1 comment to What About Protecting The Poor, Mr. President?

  • Cheryl Rofer

    Ah, if it were only so simple!

    The fact that the Republican party is divided doesn’t mean, unfortunately, that it is without power. The lunatics in the House, and the leadership that is terrified to do other than their bidding, can stand in the way of all legislation, which is their stated purpose.

    This has to be a big part of Obama’s calculations. Not just what I just said, but how to bring some legislators around to his goals. I suspect that that “sweet spot” is more happenstance from the variety of things wrapped into this deal than an intentional target.

    In addition to the President, the object of the hatred of the lunatics in the House is the poor. If Obama explicitly crusaded for the poor, that would be the end of any and all legislation for the next two years.

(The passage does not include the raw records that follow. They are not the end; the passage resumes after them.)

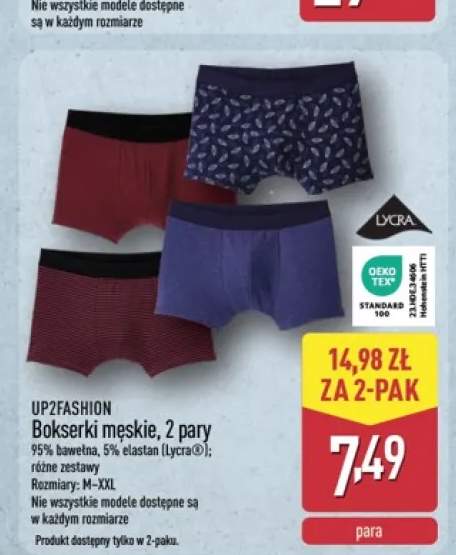 Bokserki męskie UP2FASHION 2-pak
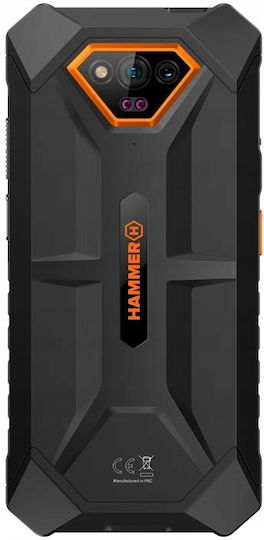 Hammer Iron V Dual SIM (6GB/64GB) Resistant Smartphone Orange view 3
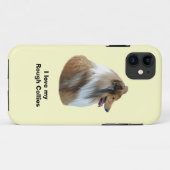 Coques Case-Mate iPhone Portrait de Rough Collie (Dos (Horizontal))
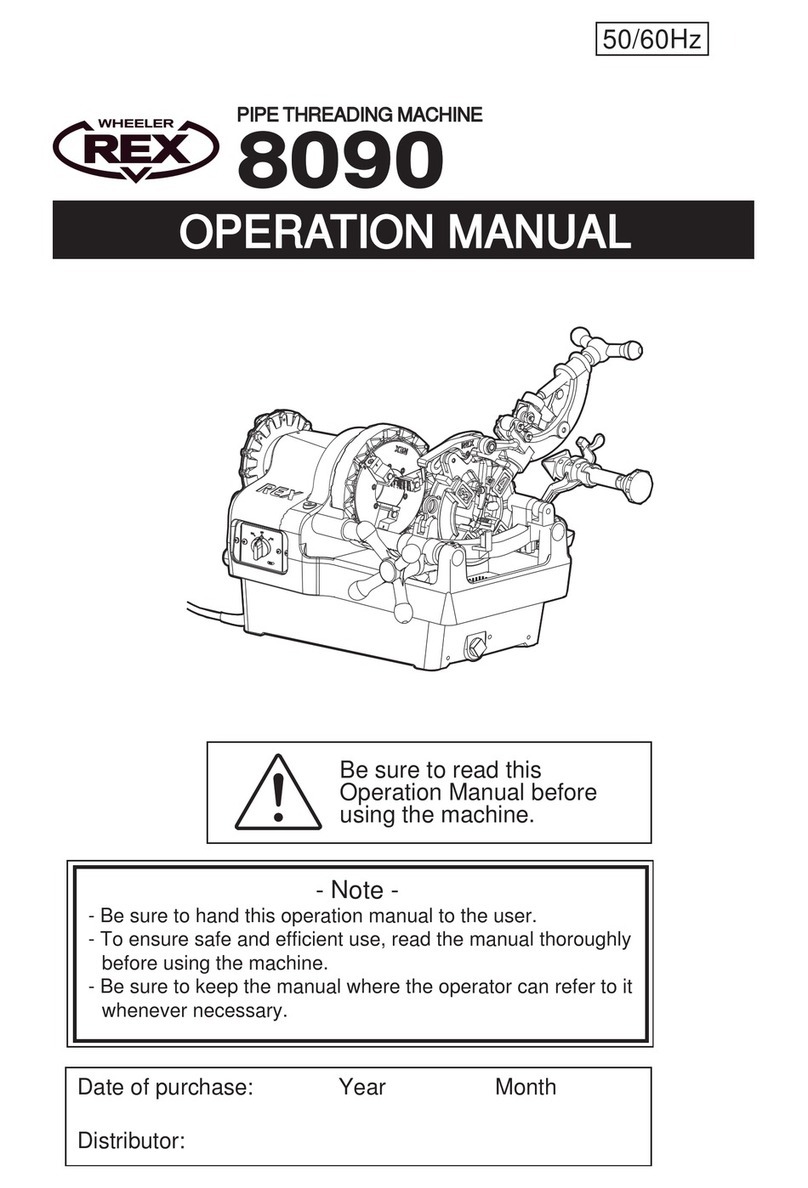 Wheeler-Rex 8090 User manual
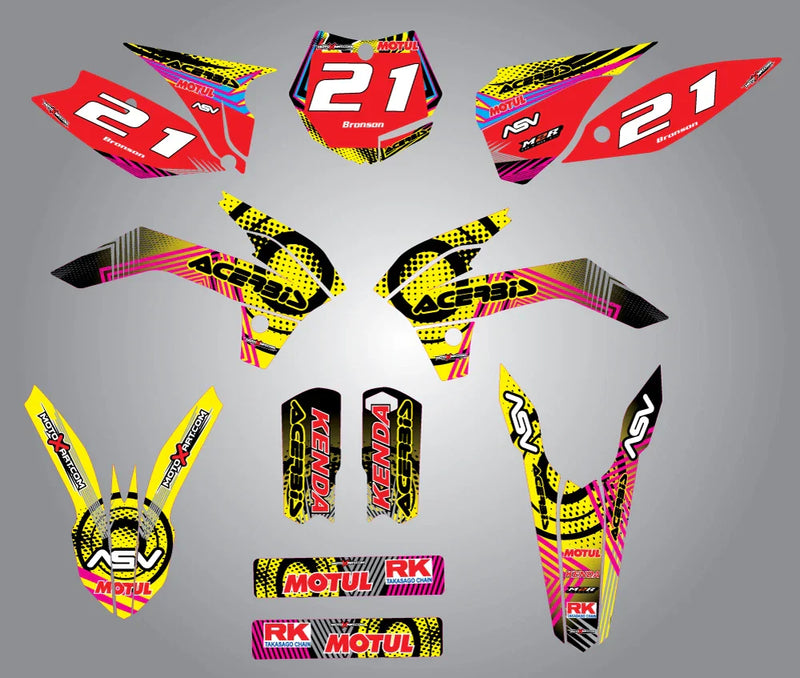 KTM 85 Neon Style Graphics Full Kit Stickers (2013-2017)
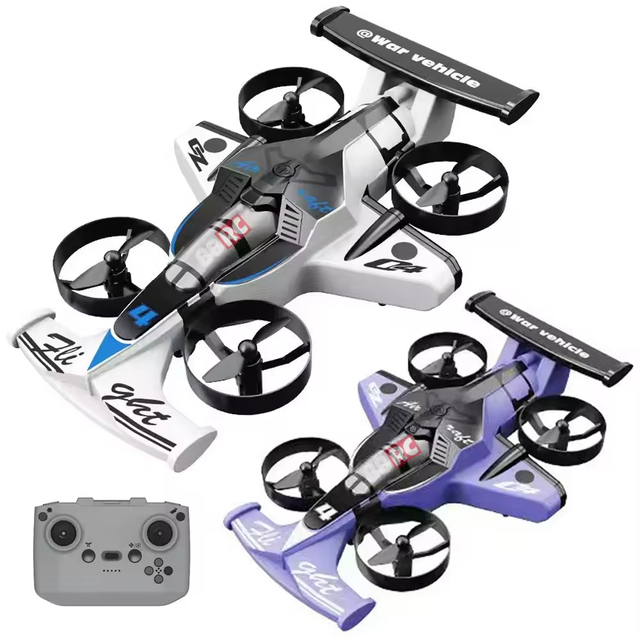 CZ04 2-in-1 RC Aircraft & Drift Car Flying Helicopter Drone Features EPP Foam Plastic Construction 4-Channel Control 30m+ Range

And, cynical, yes, the middle class vote much more than do the poor, and there are many more of them than the rich.

    I would also look at the absolute circumstances up and down the economic scale more than the relative enhancements of this latest legislation. Not that the poor are doing all that well by definition, but the relative approach may make things look worse. I don’t know those numbers, just prefer to look at overall situations rather than increments.

    But, whatever we might prefer, I just don’t see another legislative strategy than working at the margins. It’s a strategy that can be quite effective.